Une exposition de Etienne Bossut
2010


Inscrit dans la scène artistique depuis le début des années 80, Etienne Bossut utilise la technique classique du moulage mais façonne avec du polyester, (de la résine et de la fibre de verre) des répliques colorées  de nos objets. Ready-made en apparence, « faits-main » en réalité, les œuvres de l’artiste questionnent la fabrication d’objets en série dans la société industrielle, explorent les multiples aspects de la réalité, et ironisent sur le rapport entre l’objet de ses représentations.  Pourtant, ce n’est pas dans la fidélité de la réplique que réside l’intérêt premier de cette démarche, mais plutôt dans le trouble qu’elle produit dans le déplacement conceptuel, accordant de surcroît à l’original la reconnaissance de son immortalité.

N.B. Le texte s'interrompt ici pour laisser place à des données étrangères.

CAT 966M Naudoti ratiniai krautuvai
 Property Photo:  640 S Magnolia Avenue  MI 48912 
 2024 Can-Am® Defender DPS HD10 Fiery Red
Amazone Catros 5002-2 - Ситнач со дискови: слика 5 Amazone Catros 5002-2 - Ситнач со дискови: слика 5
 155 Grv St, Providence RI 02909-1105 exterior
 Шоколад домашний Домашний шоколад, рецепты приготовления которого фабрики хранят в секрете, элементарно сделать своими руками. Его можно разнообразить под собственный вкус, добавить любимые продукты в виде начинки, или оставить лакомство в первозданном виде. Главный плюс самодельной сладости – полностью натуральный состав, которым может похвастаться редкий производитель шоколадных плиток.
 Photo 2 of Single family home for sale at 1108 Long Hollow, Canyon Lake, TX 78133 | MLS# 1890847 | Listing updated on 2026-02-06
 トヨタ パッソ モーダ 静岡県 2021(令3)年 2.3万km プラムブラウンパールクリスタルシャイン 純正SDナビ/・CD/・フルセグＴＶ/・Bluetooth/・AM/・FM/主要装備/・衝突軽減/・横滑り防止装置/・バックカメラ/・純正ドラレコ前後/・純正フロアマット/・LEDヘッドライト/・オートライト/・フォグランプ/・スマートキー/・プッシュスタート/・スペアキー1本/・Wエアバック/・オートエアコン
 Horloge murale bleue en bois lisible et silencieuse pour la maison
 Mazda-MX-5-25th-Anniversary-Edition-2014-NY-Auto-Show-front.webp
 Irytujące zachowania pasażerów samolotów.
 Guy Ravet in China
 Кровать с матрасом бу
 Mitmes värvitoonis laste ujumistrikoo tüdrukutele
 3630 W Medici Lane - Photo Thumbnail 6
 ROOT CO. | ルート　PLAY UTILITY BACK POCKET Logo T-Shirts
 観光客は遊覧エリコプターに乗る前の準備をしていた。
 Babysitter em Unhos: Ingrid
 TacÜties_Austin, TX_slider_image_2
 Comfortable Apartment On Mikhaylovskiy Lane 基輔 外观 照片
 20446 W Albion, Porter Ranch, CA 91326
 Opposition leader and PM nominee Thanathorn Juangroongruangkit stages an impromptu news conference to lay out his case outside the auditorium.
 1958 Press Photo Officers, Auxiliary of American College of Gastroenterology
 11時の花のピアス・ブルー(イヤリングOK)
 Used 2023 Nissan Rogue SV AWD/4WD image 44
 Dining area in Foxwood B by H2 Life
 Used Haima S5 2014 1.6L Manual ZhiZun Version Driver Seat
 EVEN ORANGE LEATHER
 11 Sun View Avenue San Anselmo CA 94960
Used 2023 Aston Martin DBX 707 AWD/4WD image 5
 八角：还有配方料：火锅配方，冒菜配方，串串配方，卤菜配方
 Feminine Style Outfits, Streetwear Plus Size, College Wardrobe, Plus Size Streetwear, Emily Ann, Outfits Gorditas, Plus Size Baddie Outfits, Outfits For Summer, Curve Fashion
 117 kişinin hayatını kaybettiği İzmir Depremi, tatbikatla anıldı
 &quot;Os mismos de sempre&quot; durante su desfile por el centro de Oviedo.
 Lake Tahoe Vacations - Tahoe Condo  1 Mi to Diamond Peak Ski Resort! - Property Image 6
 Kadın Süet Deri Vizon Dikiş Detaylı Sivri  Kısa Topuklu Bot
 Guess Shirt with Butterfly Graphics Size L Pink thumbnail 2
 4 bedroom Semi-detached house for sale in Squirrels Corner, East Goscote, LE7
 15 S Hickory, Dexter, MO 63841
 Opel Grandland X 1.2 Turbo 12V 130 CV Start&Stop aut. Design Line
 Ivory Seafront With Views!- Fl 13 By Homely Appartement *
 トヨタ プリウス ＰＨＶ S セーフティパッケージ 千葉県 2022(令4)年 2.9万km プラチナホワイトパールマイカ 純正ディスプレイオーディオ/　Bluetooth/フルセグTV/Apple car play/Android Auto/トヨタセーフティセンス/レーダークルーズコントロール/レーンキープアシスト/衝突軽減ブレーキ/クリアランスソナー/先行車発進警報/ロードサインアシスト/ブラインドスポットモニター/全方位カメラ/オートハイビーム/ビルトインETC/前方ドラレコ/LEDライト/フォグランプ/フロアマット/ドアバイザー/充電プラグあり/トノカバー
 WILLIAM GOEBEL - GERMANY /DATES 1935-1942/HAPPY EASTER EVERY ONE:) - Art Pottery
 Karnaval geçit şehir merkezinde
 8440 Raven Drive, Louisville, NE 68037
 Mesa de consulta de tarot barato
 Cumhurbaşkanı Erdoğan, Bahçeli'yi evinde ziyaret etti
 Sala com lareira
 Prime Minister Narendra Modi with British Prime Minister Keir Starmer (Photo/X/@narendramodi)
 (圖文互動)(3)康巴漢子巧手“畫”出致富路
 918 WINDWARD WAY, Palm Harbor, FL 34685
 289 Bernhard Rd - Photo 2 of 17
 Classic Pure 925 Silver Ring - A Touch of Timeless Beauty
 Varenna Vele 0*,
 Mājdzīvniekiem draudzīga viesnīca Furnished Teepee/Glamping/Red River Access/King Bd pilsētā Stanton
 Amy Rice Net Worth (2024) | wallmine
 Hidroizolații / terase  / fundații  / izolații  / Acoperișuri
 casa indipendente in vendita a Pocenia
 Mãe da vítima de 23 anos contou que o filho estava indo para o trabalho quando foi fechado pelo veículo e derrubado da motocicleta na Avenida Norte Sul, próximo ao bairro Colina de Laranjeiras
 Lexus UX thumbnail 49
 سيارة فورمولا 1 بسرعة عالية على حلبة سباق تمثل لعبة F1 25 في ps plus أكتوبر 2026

Pour cette exposition, Etienne Bossut joue de son intérêt pour le thème de la nature morte au profit d’une démarche purement conceptuelle. Fidèle à sa démarche, l’artiste saisi dans du plastique, par exemple,une nature morte composée d’un verre et d’un pichet posés sur un plateau. Grâce aux complexes et multiples moules, le tout forme un objet monochrome et monobloc, accroché au mur à la manière d’un tableau. Mais la référence aux « tableaux-pièges » de Daniel Spoerri s’arrête là. Dans le cas d’Etienne Bossut, il ne s’agit pas d’un assemblage d’objets collés mais d’une image en trois dimensions, qui, interrogeant les frontières entre ready-made, sculpture et tableau, explore les différents modes de présentation de l’objet et les relations entre moulage, empreinte et trace.

Posées sur des socles à la manière des sculptures classiques, Nicole présente de son côté les moulages des très répandus tuyaux en PVC fabriqués par la société éponyme. Les formes devenues presque abstraites de ces éléments sortis de leur contexte d'usage habituel, et le dispositif de présentation, convoquent non sans malice l'histoire de la sculpture. Etienne Bossut peut ainsi opter pour des juxtapositions répétitives agissant comme certains dispositifs de l’art minimal. Mais il peut aussi jouer comme ici des références à la peinture classique ou encore à la sculpture moderne.

Le travail d’Etienne Bossut n’est pas un inventaire d’objets. La métaphore et le glissement des significations y occupent une place essentielle. En transformant les produits du monde industriel en copies, l’artiste signifie sa volonté de se distancier d’un art formaliste préoccupé avant tout de ses propres procédures. Comparable à l’utilisation du mot chez Magritte, le moulage plastique est alors la marque d’une rupture entre l’objet et sa représentation.